The real estate market can be daunting to first time buyers, even if you're buying in a small town like Riverdale, Toronto. The popularity of the area and the amount of development that goes on there means that there may be dozens upon dozens of homes for sale in Riverdale at any given time. How, then, can a first timer be expected to choose and buy one? The chief concerns of a first timer are getting what you want and not paying too much for it, so these selection and financing tips may help you.
One of the biggest mistakes first time buyers make is getting in over their heads with regards to their mortgage payments. Too many people expect to be able to buy the same type of home as the one they grew up in, failing to realize that their parents have changed houses several times in their lives and their family size and buying power changed. Unless you've already got children and a large savings account, chances are your best bet is to buy something modest and small, like a condo or town house.
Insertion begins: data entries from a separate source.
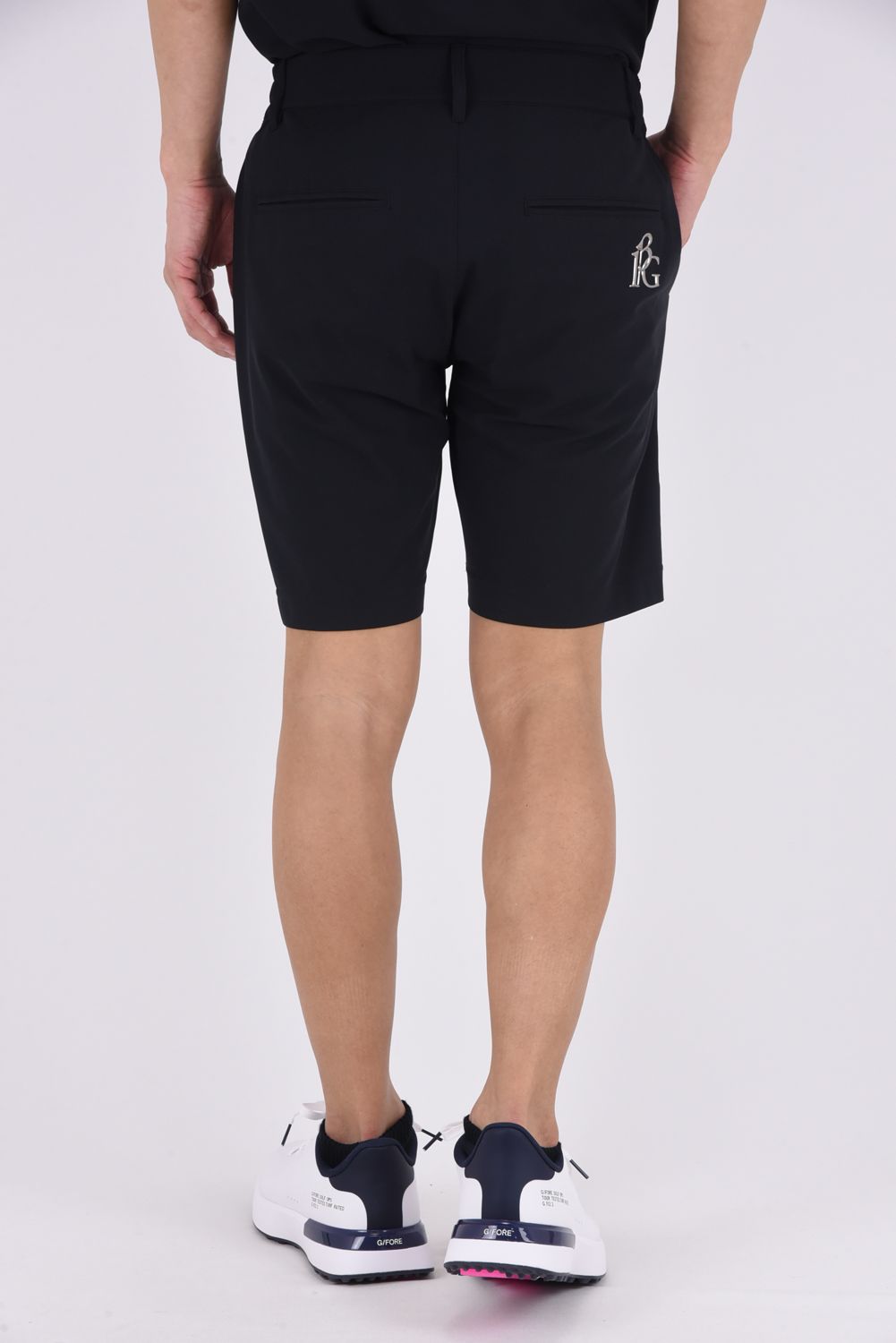 【26SS】 LUXE MESH SHORTS / 接触冷感 微細メッシュ生地 ショートパンツ (ブラック)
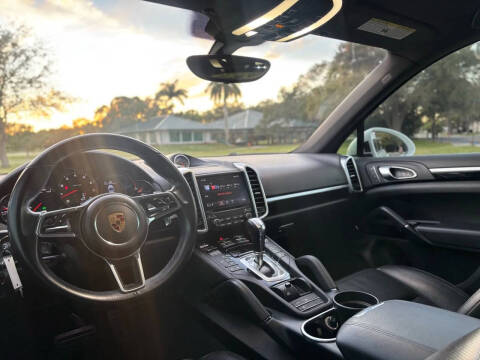 2018 Porsche Cayenne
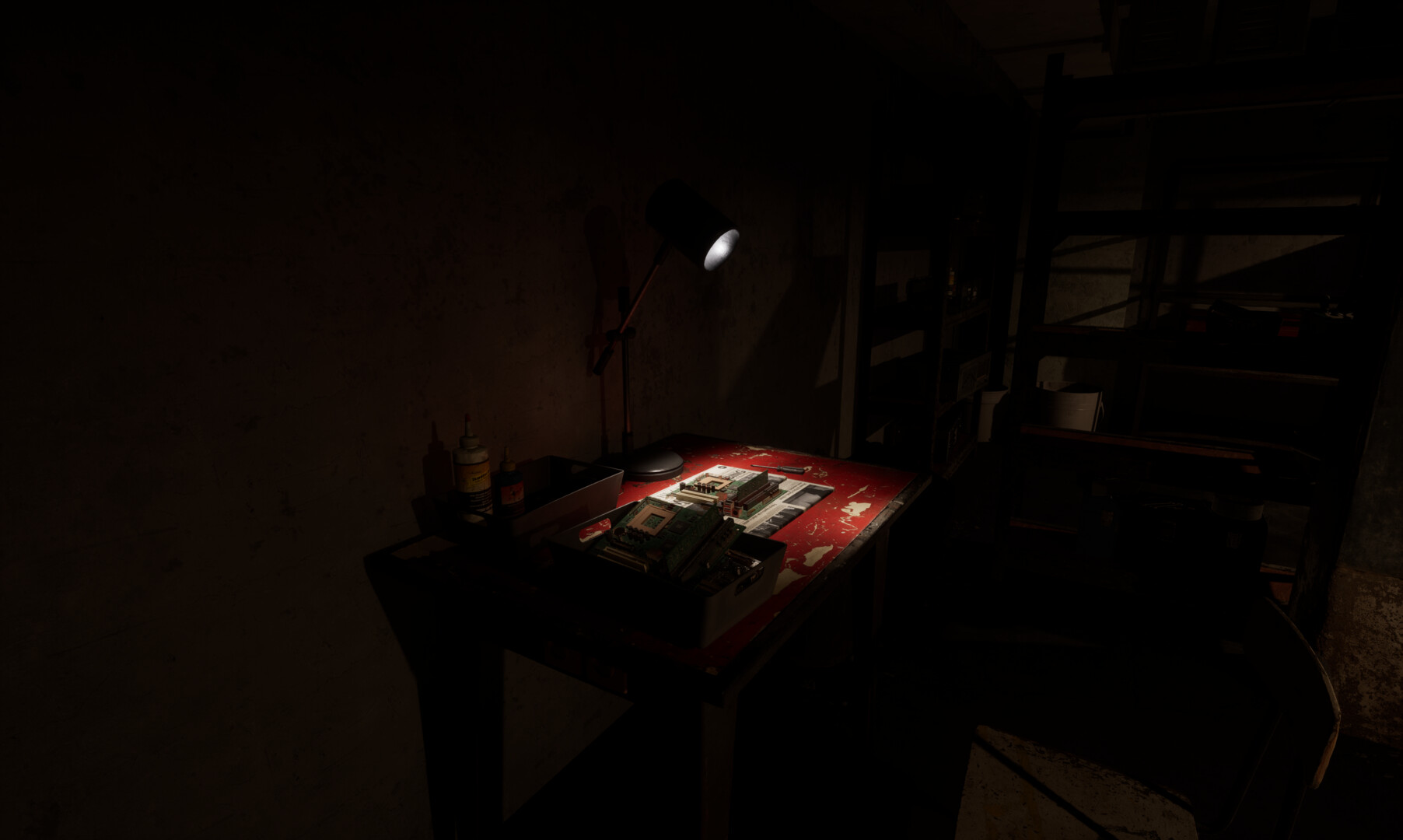 SCP-479: Shadows of the Mind screenshot 5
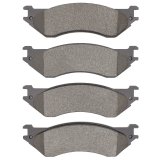 DFC 00-08 Dodge Ram 2500 Front/Rear 5000 Advanced Semi Metallic Brake Pads thumbnail 2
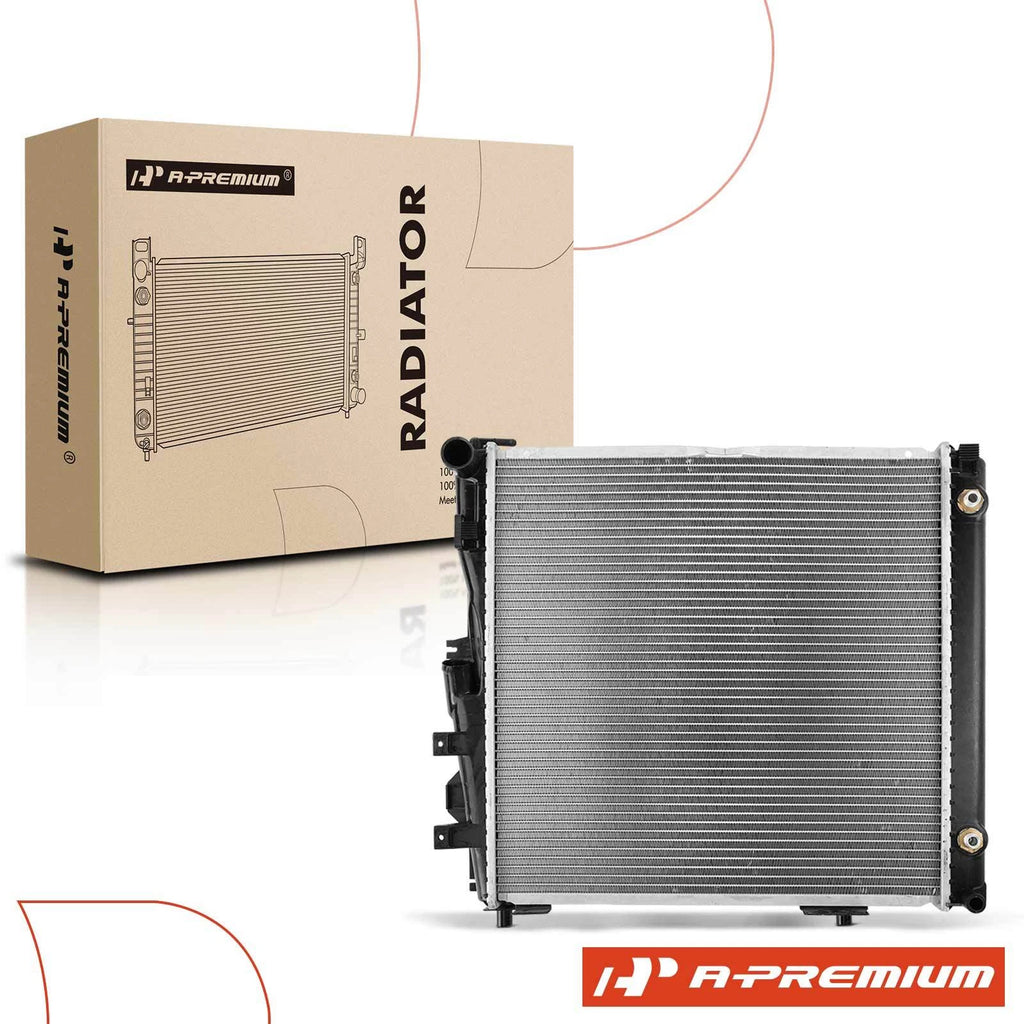 Radiator with Trans Oil Cooler for Mercedes-Benz 300SE (1988–1991)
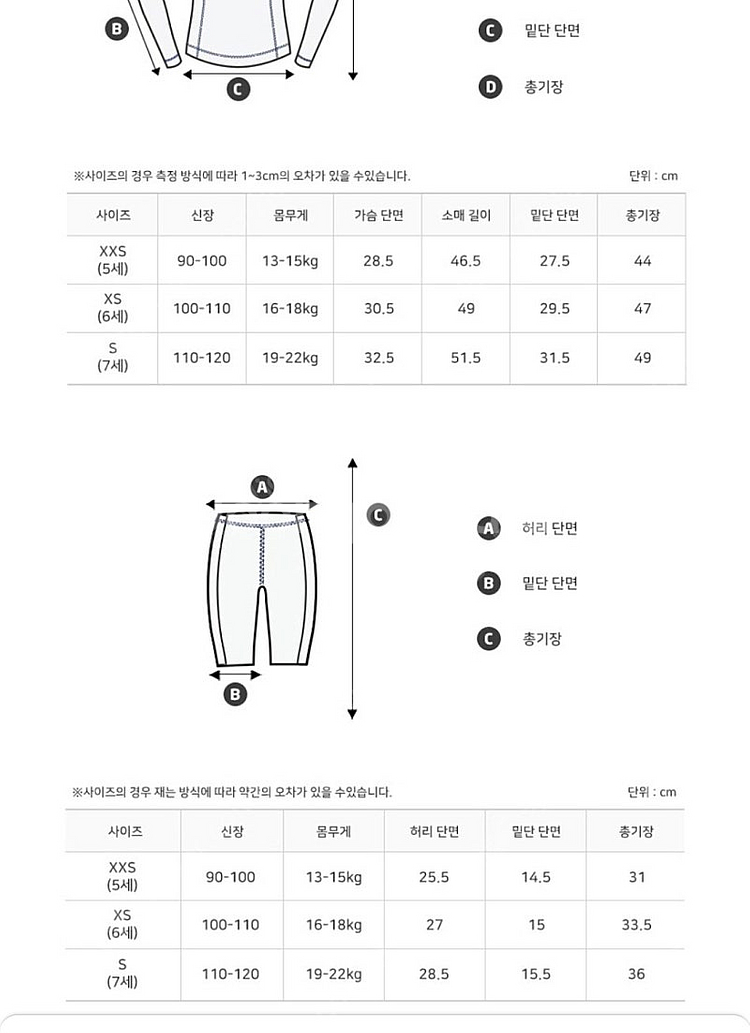 키즈 초등 이하 남아동 래쉬가드.플랩캡--5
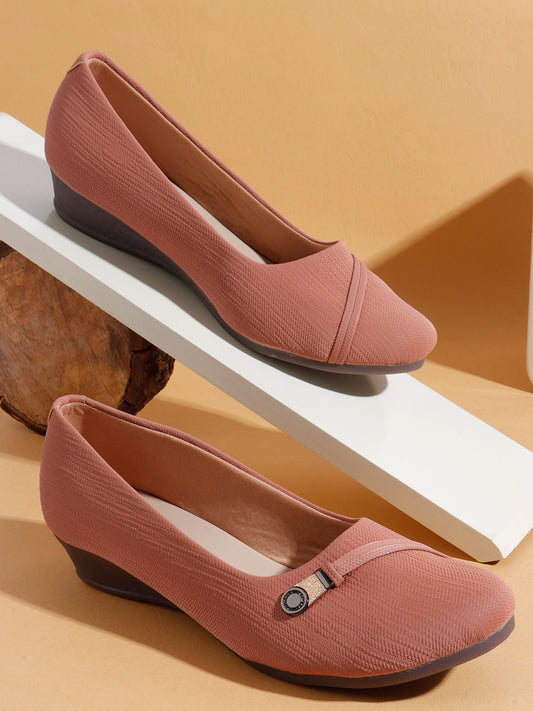 Nova Wedge (Terracotta Blush)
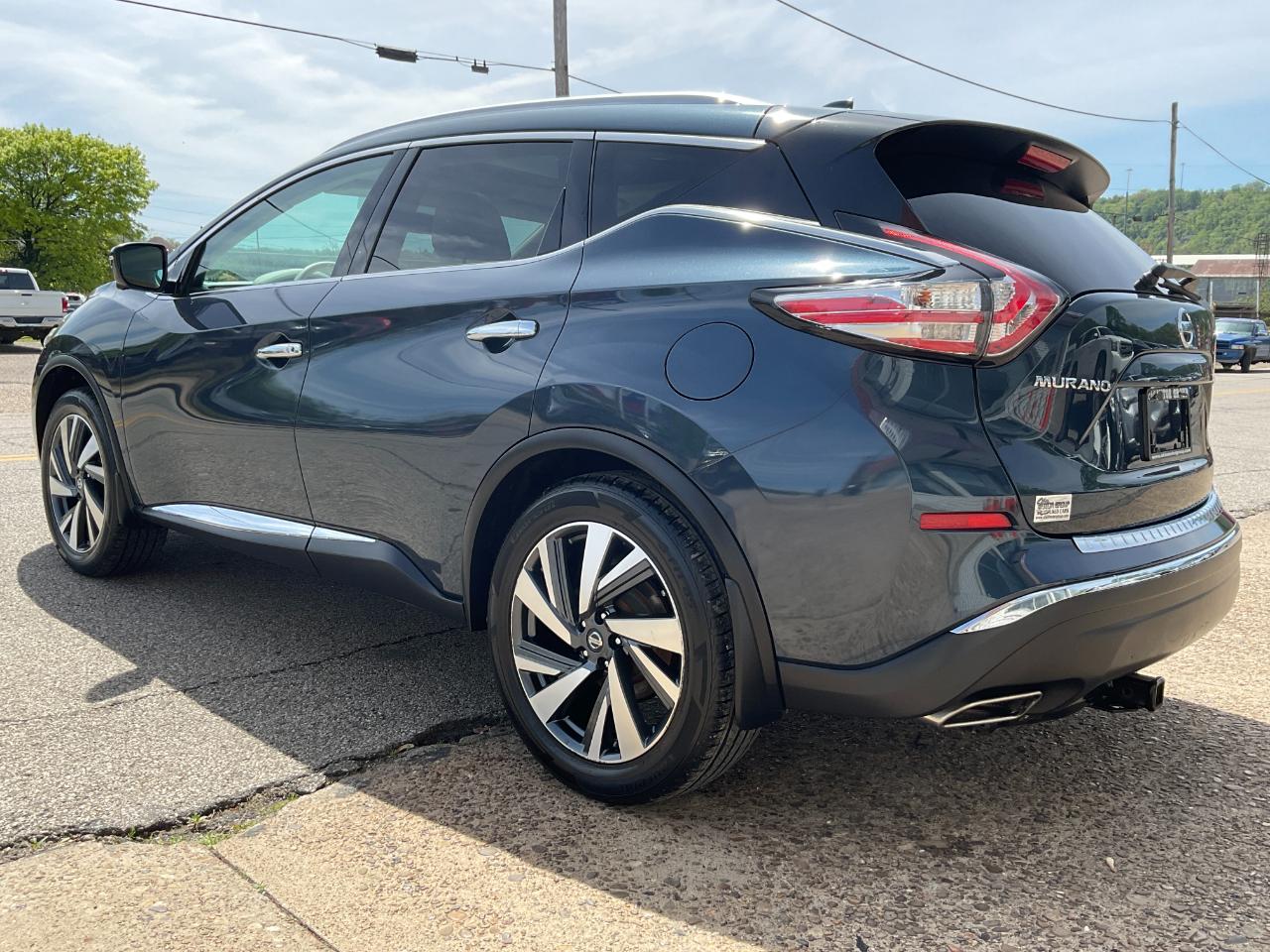 Nissan Murano Platinum AWD 2017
Figuring out how much you're able to spend is a trick that not everyone figures out. Your savings should constitute between 5% and 20% of the home's purchase price (depending on your bank's requirements for a down payment) and your monthly mortgage payments should never exceed 30% of your income. For people who have been renting for a long time (while still able to maintain a balance budge and contribute to savings) this is equivalent to your old rent payments. Remember that if you're buying a condo, you will also have monthly condo fees to take into consideration.
When you actually start to visit properties that are for sale, it's important not to get carried away looking for every single feature you've ever wanted in your life. Sit down before you start your search and decide what you truly need - such as an easy commute to work or a second bedroom for your office. The rest can go on a 'would like' list for the realtor to consider accordingly.